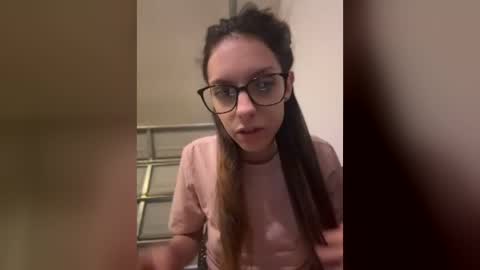 Snapshot of aureliatasty chatting on 05-17-26, 01:58 aureliatasty online show from 05-17-26, 01:58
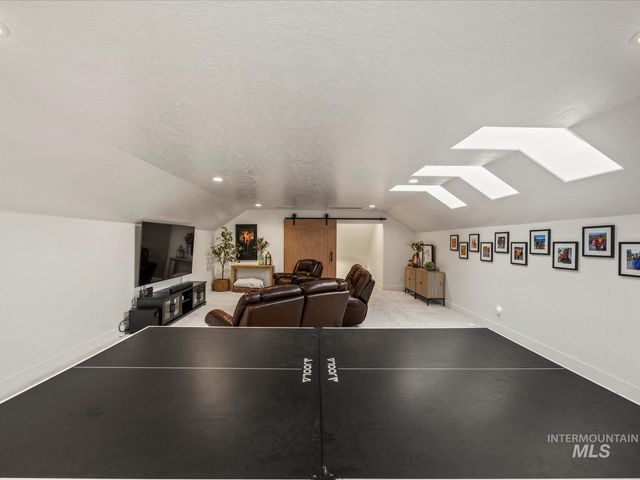 6255 S Tarrega Ln, Meridian, ID 83642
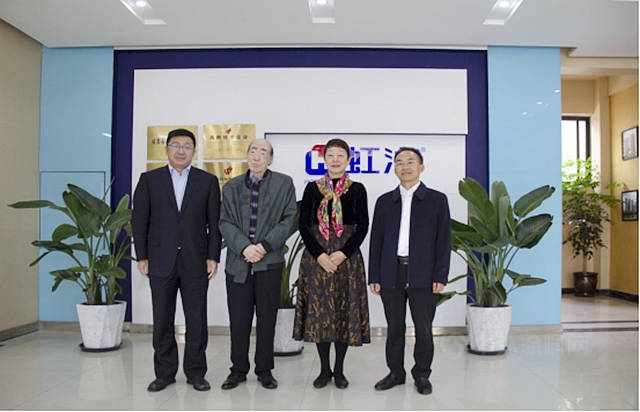 中國塗料工業(ye) 協會(hui) 、北新建材一行赴成都虹潤製漆座談考察！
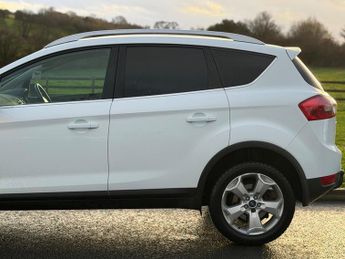 Ford Kuga 2.0 TDCi Titanium Powershift AWD Euro 5 5dr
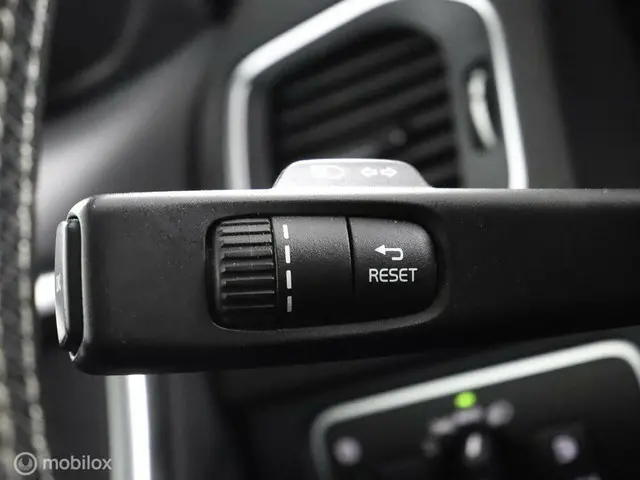 Volvo V60 1.5 T2 Polar+| Leer| Trekhaak 2018 Benzine 57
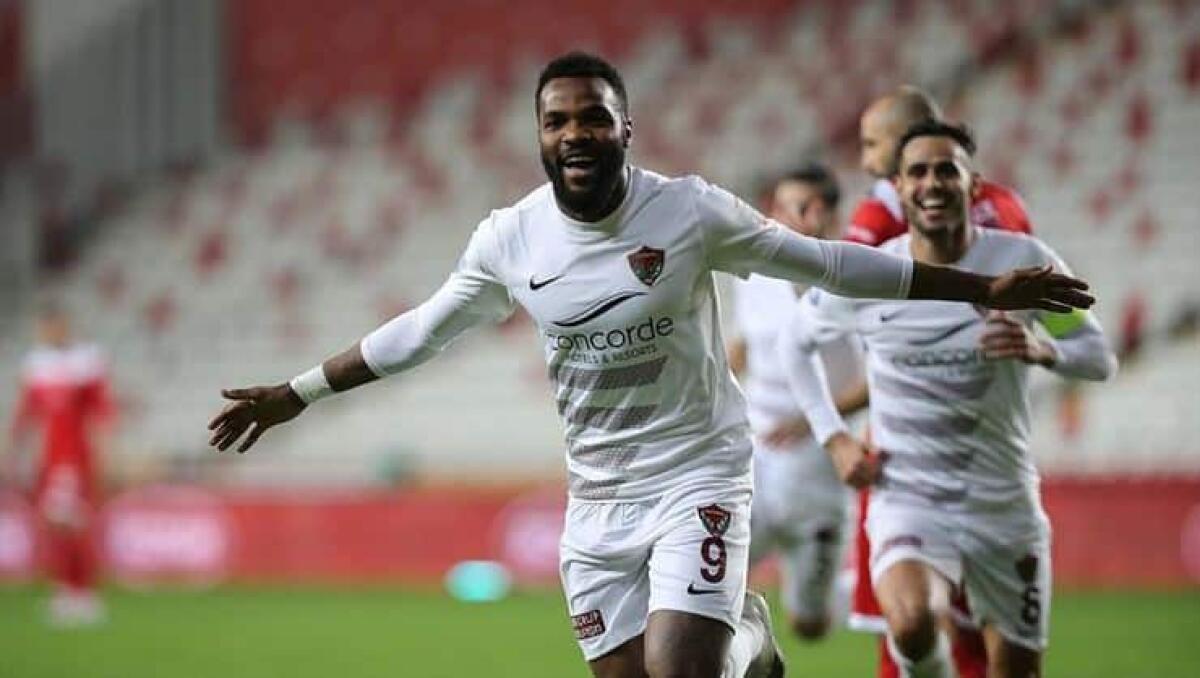 Dalla Francia, Fiorentina sull'attaccante Boupendza: l'Hatayspor chiede 10 milioni di euro - 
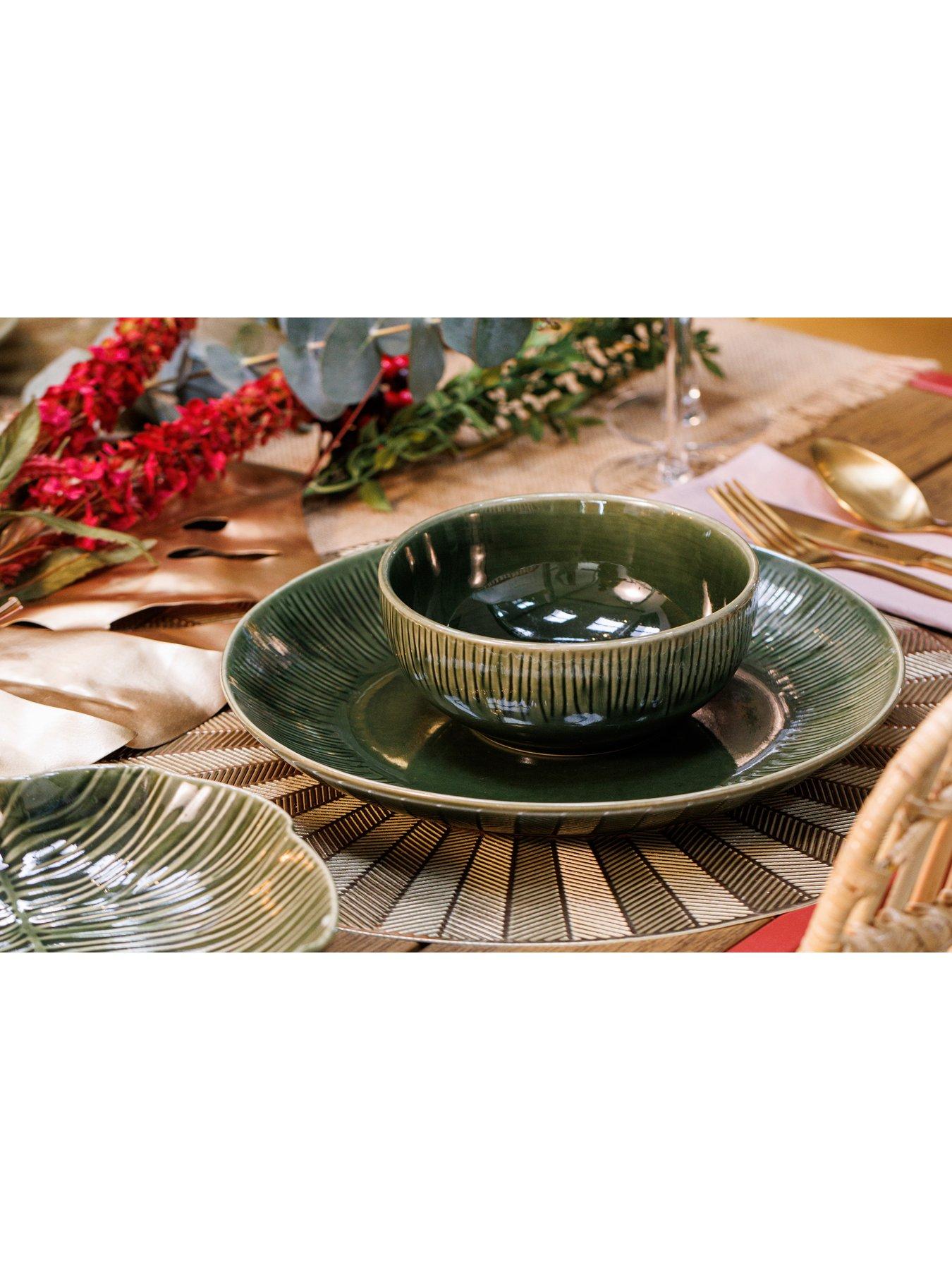 mikasa-mk-round-placemat-set-of-4-gold-pudetail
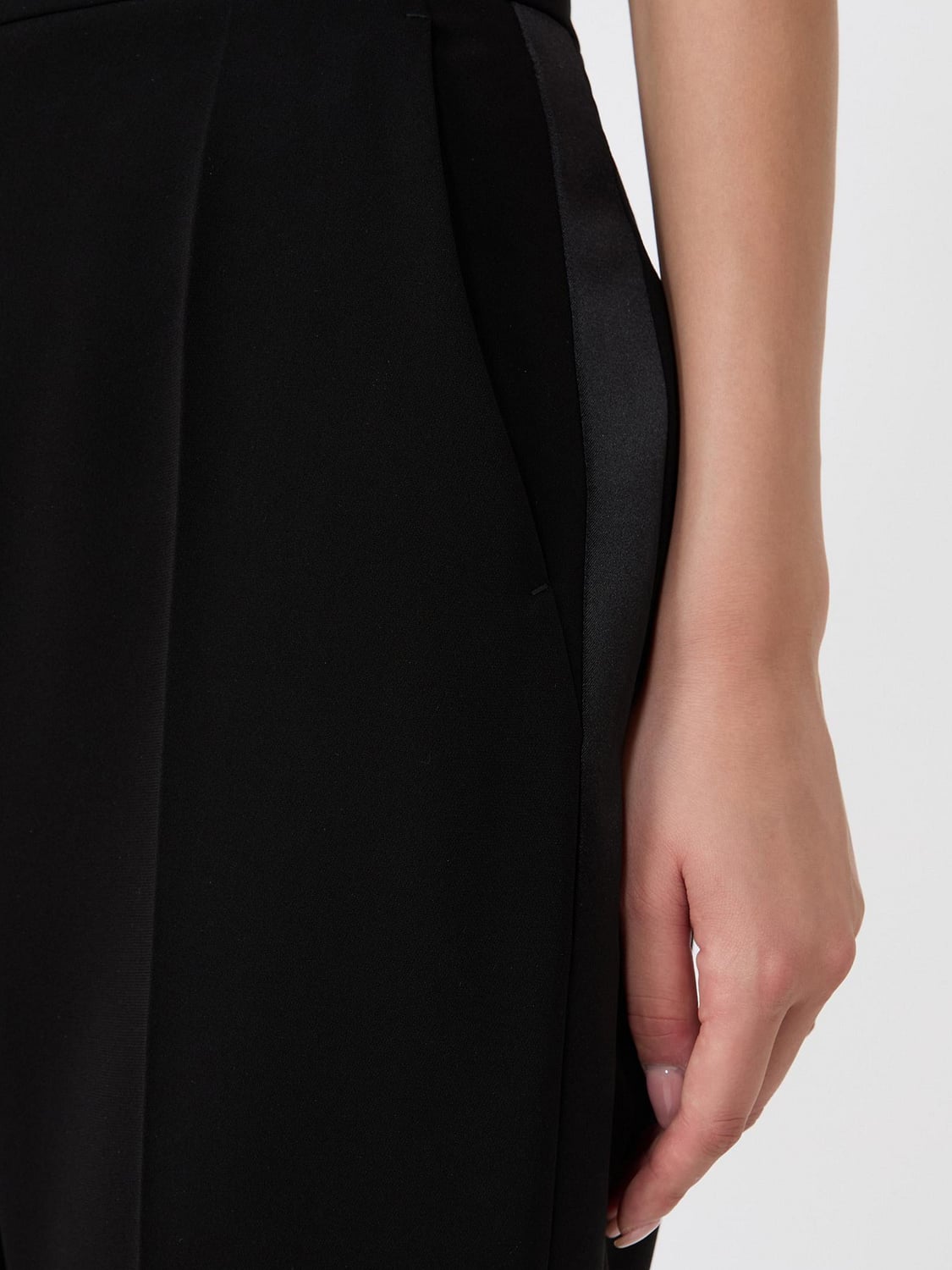 MAX MARA HOSE: Schwarze High-Waist Skinny-Hose von Max Mara aus Crêpe, Schwarz - Img 3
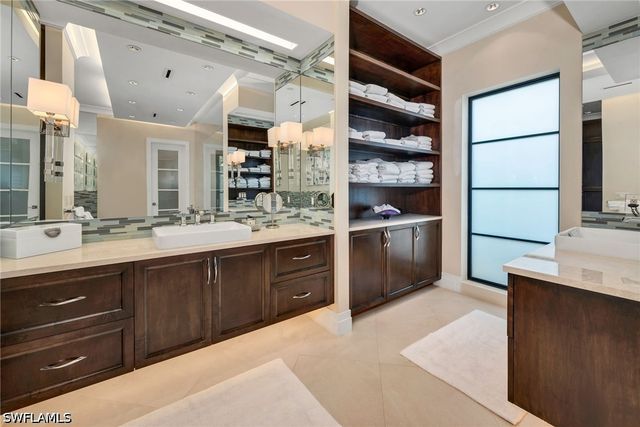 384 Edgemere WAY E, Naples, FL 34105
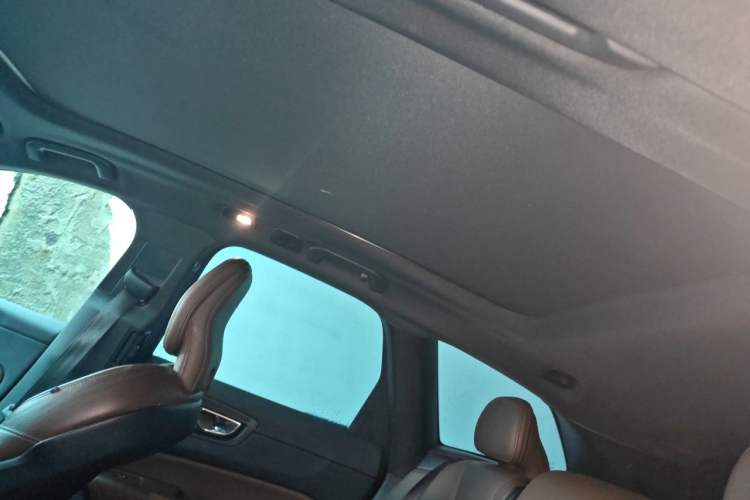 Used Volvo XC60 2022 B5 4x4 Smart Luxury Edition Headliner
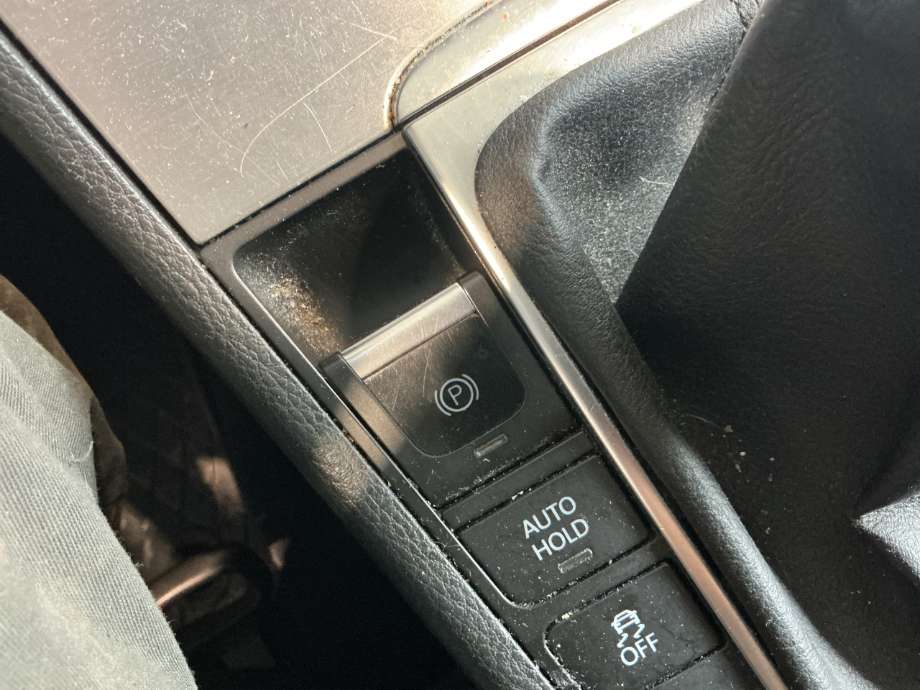 Bryter elektrisk håndbrekk/parkbrems til VW Passat, 2011-2015 (B7) (B7) (VOLKSWAGEN|)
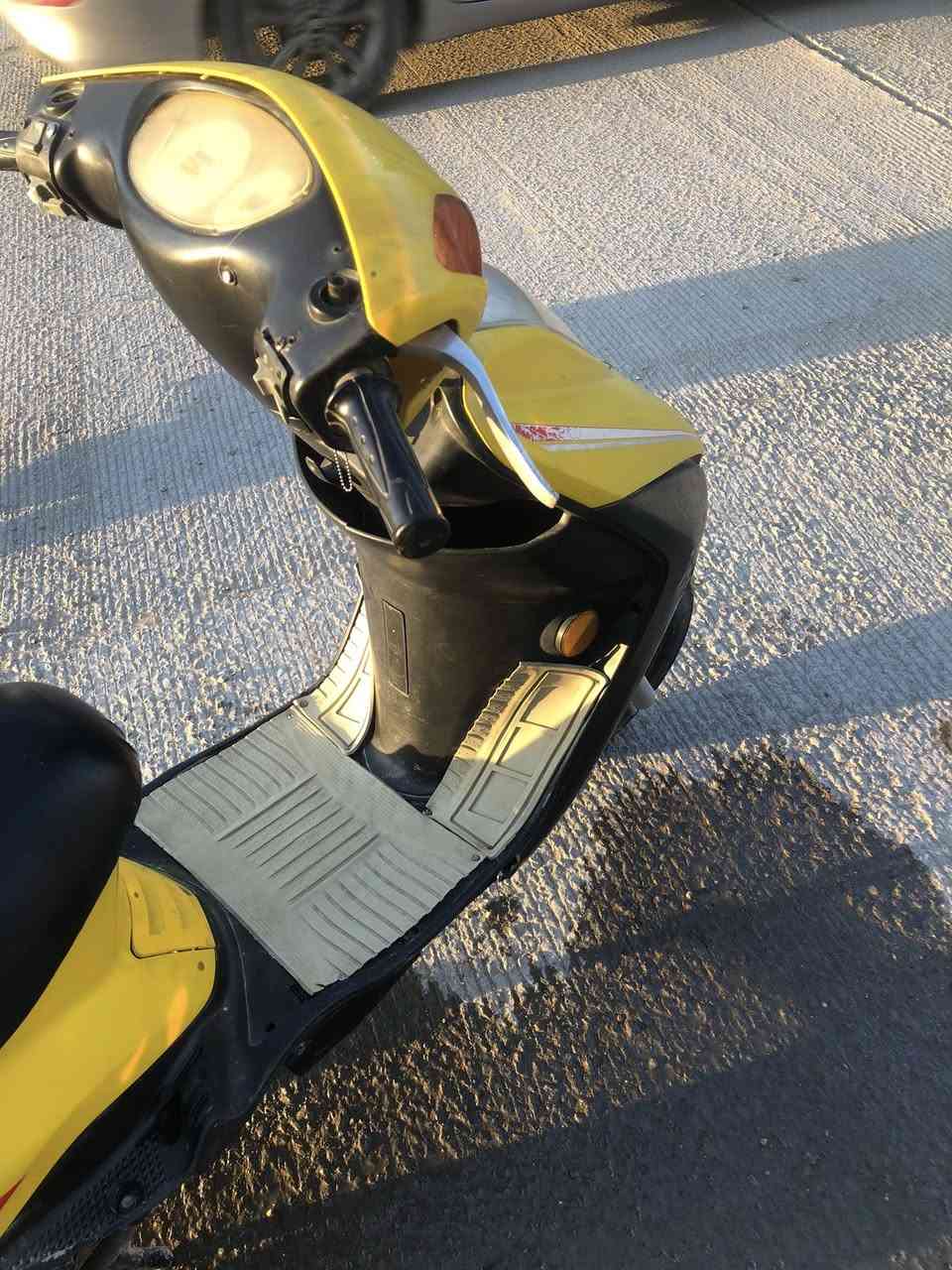 دراجة بريز  دراجة كاملة من كلشي ونظيفة اروح بيهه لغشلي وارجع
مكينة فول ونظافة مثل ماتشوفون كهربائيات كاملة من كلشي بك لايت تجي تفحص 
٣٥٠ وبيهه مجال 
حلة شارع المهندسين


**إذا كنت صاحب هذا الإعلان وتريد حذفه لأي سبب، رجاءا أرسل رسالة إلى الدعم الفني**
----
Exercise details. All lines from the one containing "Bryter elektrisk håndbrekk/parkbrems" to the last line of the records above, both included, need to be repeated word for word; omit the pictures.

Task response.
 Bryter elektrisk håndbrekk/parkbrems til VW Passat, 2011-2015 (B7) (B7) (VOLKSWAGEN|)
 دراجة بريز  دراجة كاملة من كلشي ونظيفة اروح بيهه لغشلي وارجع
مكينة فول ونظافة مثل ماتشوفون كهربائيات كاملة من كلشي بك لايت تجي تفحص 
٣٥٠ وبيهه مجال 
حلة شارع المهندسين


**إذا كنت صاحب هذا الإعلان وتريد حذفه لأي سبب، رجاءا أرسل رسالة إلى الدعم الفني**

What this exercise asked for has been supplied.